What is SaaS white labeling and how to do it?

Depending on your online business, white labeling can turn out to be a fantastic business model. This applies especially when your target customers are actually customers who have their own customers, for example agencies, consultancies and client-oriented businesses.

In this case there is a real chance that adding support for white labeling in your product will improve your chances of attracting advanced users and position your product higher in the eyes of corporate customers (i.e. those who can pay top dollar).

But what exactly is white labeling?

White labeling means taking a blank product and slapping a label for another company on it.

It means other companies can take your (online, in this case) product and brand it as their own.

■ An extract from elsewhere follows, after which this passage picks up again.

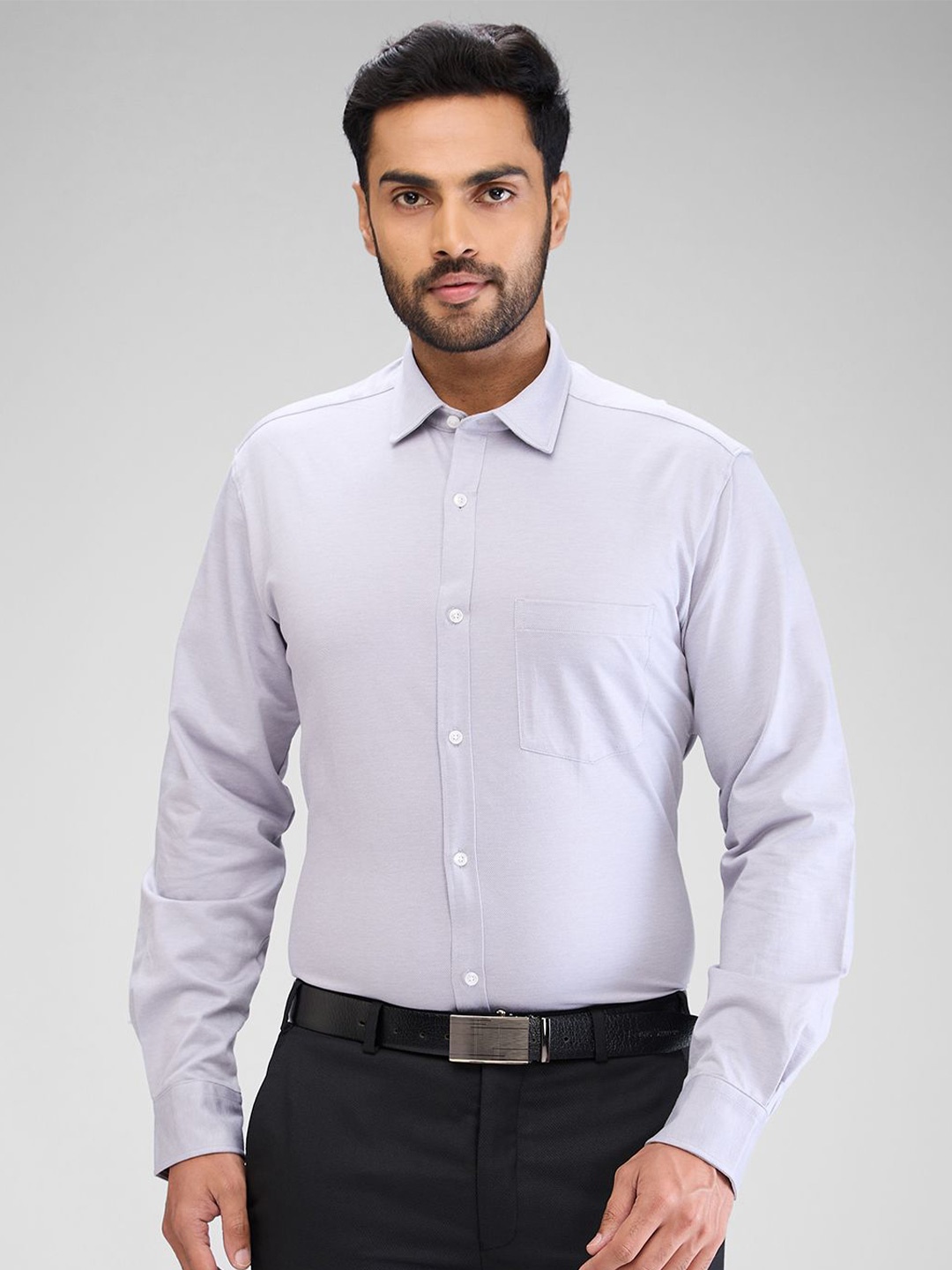 

Park Avenue Men Textured Opaque Spread Collar Formal Slim Fit Shirt, Grey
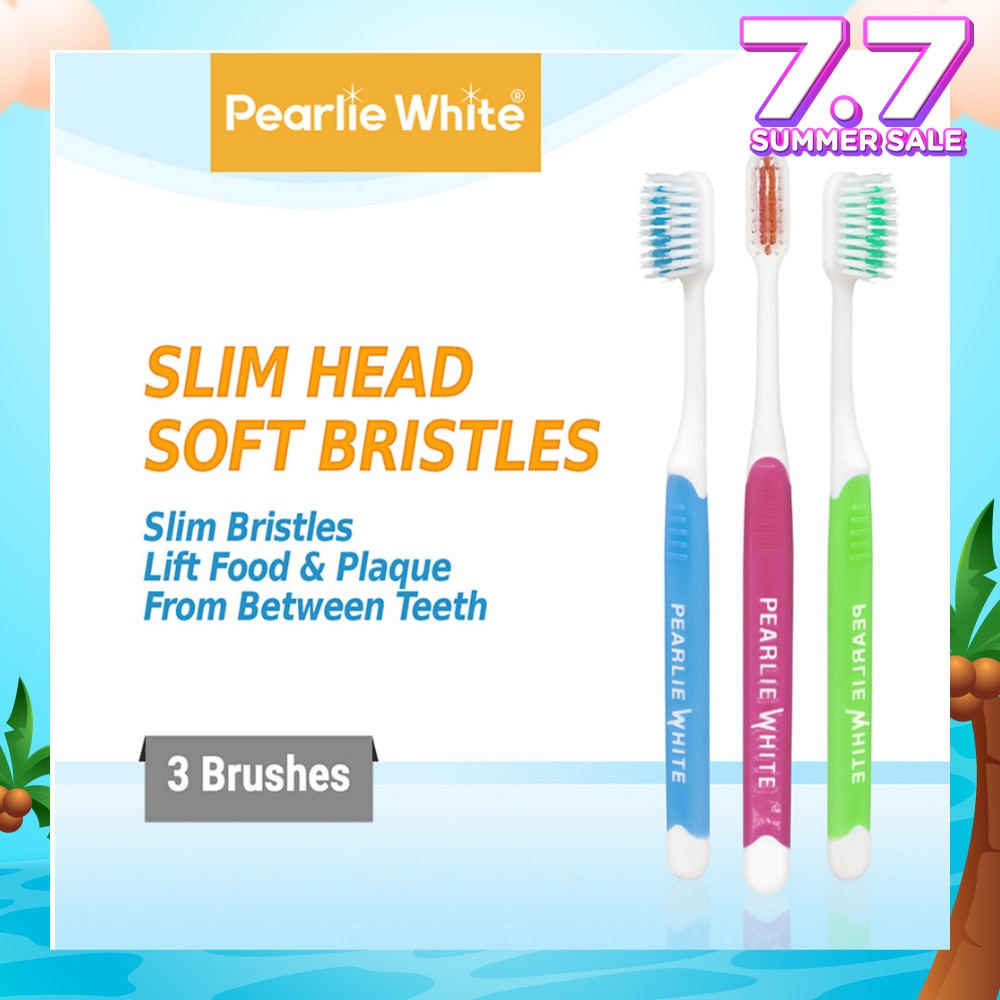 Brush Care Compact Head Soft Bristles Slim Toothbrush 3s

White labeled SaaS example

Let’s imagine you built a website performance tracker that makes reports of websites’ speed. On one hand, you have individual customers that use your service to track their own websites. On the other hand, there are many web performance consultancies and agencies who make a living tuning other people’s (i.e. their customers’) websites. To deliver reports, they have 3 options:

  1. Build their own website tracking solution. This is expensive to build, and expensive to maintain. Not all businesses are in a position to afford and maintain it.
  2. Use a 3rd party solution (like yours). Their clients will notice they are relying on an external service, which may impair their trust.
  3. Use a 3rd party solution (like yours), but brand it (white label) as their own. Their clients will think the reporting solution (which is actually yours, but branded differently) is an integral part of their service, which may make them look better in their clients’ eyes.

White labeling settings in SaaS

White labeling should be approached the same way as internationalization. The principle is the same. Configurations can be saved in asset folders or in a database, and conditionally shown depending on the user and their settings.

Here is an example of how we did these settings at Nightwatch.io:

White label (sub)domain

This is the entry point to a white labeled SaaS product.

Your customers who wish to offer your product branded as their own will want to customize its URL.

The DNS part is easy, usually solved with a CNAME record. Returning to our previous example, let’s suppose that your SaaS product URL is WebPerformanceTracking.com. Let’s suppose that one of your customers, who runs their consultancy at WebPerfCompany.com wants to white label your service and make it accessible at tracker.WebPerfCompany.com.

What you can do is set up a whitelabel.WebPerformanceTracking.com, point it to your server and instruct your customer to set up a CNAME record on their tracker.webperfcompany.com subdomain. This will route the requests to their white labeled service back to your server.

There’s a problem though

The described connection to your customer’s white labeled service is unsecure (non-https). Since browsers are complaining about it more and more, and you don’t want to break clients’s trust, it only makes sense to secure it.

To make secure connections from your customers’ white labeled domains to your server, you have two options.

  1. Convince your customer to send you a cetificate for the white labeled domain and use it on your server. This is not really convenient nor desirable, because it’s a hard to maintain, hard to scale, needs a lot of support and it makes you a keeper of foreign certificate, which brings extra burderns.
  2. Use or build a proxying service with a middleware or CDN that creates Let’s Encrypt certificates on the fly.

If you want hassle free whitelabeling, then you want to go with option 2. Depending on your scale, you probably want to use a 3rd party solution for that.

How this usually works is that your customer still has to create a CNAME record, but there is an additional step you have to make. You have to report the white labeled domain to your selected proxying service via their API so they could setup the certificate in the background and do the necessary routing.

CloudFlare is probably the simplest service you can use to secure white labeled connections, but at the time of writing, it’s available only as a part of an expensive corporate plan. Alternatively, you can use CDN services, like Fly.io or Zeit to deploy a proxying app which responds to secure whitelabel connections and serves data from your origin server.

Final step

When you reached the stage where connections from white labeled domains are succesfully hitting your server, it’s time to write some application logic that matches a hostname against a white labeled account and decorates the requests with the info on which white labeled account it belongs to.

When you have this information for every request, you can easily use it inside your application interface to show white labeled branding, e.g. custom design, logos, emails, texts and other customly branded pieces of the app.